Dolphin-safe labels represent green consumerism for dolphin-friendly tuna. However, dolphin-friendly is not necessarily ecologically sustainable.
In 2012, a US court banned the US's dolphin-safe tuna labels, calling them 'unfair' to Mexico, stating they give 'less favorable treatment' to Mexican products.
The US Congress passed a trade embargo on Mexican tuna because it “lacked dolphin-friendly methods” (but Mexico had extended their exclusive economic zones to 200 miles, cutting off the US tuna fleet). Environmental protections can be the product of geopolitical struggles as much as institutions for sustainability.
Almost all canned tuna in the UK is labeled as dolphin-safe because the market is almost exclusively skipjack tuna.
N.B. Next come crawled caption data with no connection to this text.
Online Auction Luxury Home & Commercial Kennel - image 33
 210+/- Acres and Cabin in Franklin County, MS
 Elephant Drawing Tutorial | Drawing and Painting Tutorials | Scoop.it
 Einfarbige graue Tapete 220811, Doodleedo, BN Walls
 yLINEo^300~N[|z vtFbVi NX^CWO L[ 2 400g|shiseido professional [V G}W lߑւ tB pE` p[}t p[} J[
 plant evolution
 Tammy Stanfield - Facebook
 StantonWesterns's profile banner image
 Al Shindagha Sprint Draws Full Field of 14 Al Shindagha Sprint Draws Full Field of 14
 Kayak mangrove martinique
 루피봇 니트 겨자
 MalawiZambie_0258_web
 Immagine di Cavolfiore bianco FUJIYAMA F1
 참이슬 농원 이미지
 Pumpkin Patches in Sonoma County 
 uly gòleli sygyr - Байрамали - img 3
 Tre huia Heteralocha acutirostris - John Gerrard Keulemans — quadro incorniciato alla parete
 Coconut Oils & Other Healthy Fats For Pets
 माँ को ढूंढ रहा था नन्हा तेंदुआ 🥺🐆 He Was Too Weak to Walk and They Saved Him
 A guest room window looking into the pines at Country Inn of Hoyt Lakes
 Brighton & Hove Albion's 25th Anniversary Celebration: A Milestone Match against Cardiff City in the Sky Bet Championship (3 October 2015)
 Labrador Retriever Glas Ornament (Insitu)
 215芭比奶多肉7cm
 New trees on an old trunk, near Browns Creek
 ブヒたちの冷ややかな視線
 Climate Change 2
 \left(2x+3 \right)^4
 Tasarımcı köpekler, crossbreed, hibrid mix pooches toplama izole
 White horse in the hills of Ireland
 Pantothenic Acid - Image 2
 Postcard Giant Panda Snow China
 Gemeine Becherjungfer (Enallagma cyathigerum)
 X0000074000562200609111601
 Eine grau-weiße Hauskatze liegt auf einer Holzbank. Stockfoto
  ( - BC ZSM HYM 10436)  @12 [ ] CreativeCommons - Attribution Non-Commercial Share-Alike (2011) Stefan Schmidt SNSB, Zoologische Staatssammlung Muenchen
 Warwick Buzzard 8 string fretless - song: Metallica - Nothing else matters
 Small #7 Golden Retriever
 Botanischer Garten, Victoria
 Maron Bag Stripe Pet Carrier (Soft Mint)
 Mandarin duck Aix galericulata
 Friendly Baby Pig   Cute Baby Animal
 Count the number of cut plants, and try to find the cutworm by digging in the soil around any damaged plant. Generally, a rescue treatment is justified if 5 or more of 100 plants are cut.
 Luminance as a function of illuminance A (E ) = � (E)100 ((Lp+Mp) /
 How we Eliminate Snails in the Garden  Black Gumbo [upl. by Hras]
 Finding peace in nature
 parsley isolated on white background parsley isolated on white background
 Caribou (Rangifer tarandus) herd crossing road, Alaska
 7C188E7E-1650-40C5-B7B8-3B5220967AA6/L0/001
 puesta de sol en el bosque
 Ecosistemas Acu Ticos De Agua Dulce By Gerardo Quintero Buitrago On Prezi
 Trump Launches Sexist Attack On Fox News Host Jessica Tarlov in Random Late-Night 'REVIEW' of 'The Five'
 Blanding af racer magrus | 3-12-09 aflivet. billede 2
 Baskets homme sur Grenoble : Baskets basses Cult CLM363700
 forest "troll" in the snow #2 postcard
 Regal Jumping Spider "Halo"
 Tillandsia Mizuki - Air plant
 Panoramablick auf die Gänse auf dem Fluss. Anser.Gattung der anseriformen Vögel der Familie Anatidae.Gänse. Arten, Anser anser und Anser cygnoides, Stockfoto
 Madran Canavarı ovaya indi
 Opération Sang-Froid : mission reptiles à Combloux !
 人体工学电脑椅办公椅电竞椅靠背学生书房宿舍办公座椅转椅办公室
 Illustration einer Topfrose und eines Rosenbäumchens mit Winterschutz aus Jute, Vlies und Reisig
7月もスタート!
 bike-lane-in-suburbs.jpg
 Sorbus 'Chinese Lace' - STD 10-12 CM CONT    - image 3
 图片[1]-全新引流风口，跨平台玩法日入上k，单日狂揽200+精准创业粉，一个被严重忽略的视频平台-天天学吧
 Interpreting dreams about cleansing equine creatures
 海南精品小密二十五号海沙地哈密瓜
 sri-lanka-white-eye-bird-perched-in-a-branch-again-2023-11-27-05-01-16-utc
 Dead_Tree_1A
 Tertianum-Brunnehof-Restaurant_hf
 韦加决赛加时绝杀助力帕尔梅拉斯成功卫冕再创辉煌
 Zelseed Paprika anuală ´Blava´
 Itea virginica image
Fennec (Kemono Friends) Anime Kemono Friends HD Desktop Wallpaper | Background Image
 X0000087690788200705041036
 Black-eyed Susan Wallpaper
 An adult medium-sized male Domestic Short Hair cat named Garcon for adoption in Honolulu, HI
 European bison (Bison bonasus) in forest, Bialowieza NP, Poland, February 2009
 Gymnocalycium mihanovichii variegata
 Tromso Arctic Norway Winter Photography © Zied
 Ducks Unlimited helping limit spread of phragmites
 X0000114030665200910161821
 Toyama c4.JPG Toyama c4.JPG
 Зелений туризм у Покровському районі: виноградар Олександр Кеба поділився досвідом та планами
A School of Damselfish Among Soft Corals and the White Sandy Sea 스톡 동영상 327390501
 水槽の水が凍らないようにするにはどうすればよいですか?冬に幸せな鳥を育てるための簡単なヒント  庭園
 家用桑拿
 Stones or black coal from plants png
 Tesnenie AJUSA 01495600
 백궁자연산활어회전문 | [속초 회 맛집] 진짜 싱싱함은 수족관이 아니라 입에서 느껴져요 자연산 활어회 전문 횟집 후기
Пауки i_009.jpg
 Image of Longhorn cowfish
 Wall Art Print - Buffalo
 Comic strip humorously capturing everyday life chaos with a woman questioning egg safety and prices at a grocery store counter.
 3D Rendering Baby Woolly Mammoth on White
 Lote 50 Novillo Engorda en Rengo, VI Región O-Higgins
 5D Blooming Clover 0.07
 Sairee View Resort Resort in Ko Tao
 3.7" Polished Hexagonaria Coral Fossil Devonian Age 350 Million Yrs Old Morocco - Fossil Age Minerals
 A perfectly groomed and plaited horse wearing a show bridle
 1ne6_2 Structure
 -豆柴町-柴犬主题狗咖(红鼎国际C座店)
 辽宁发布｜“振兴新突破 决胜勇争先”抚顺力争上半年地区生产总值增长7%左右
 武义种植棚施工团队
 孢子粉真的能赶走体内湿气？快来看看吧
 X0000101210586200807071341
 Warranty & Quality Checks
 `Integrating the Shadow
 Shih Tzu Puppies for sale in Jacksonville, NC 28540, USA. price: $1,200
Skipjack tuna is not implicated in the dolphin bycatch problem of the tuna caught in the US, but what about sustainability?
The dolphin-safe tuna labels were a victory for dolphins but created a wider unsolved problem of bycatch. The unsustainable harvest of tuna and other fish continues. In this case, the ethics of animal rights is more important than that of ecological sustainability.
The Marine Stewardship Council (MSC) label can be earned by meeting sustainability requirements. However, it takes money to get certified, so small companies and individual fishers are often left out. Green labels appear to favor large corporations over small producers.
Is this a case of greenwashing? Some environmental groups argue that the MSC certifies certain fish catch despite a lack of evidence for it being sustainable. Informed consumers to the rescue?
Efforts in conservation tend to focus on species rather than systems or individual animals.
The emphasis on protection of individual dolphins rather than the ocean ecosystem reveals a preference for animal rights over the ecological ethic. But why is no one concerned about the rights of tuna?
Moral extensionism can shift to include other species over time, as seen in the case of octopus after the Netflix series “My Octopus Teacher”.
Nueva Pescanova has proposed establishing the world's first large-scale octopus farm in the Canary Islands, aiming to produce 3,000 tons of octopus annually. This plan has sparked significant ethical debates.
Marine mammals have historically been hunted for a wide range of products (meat, blubber, oil, bones, ivory).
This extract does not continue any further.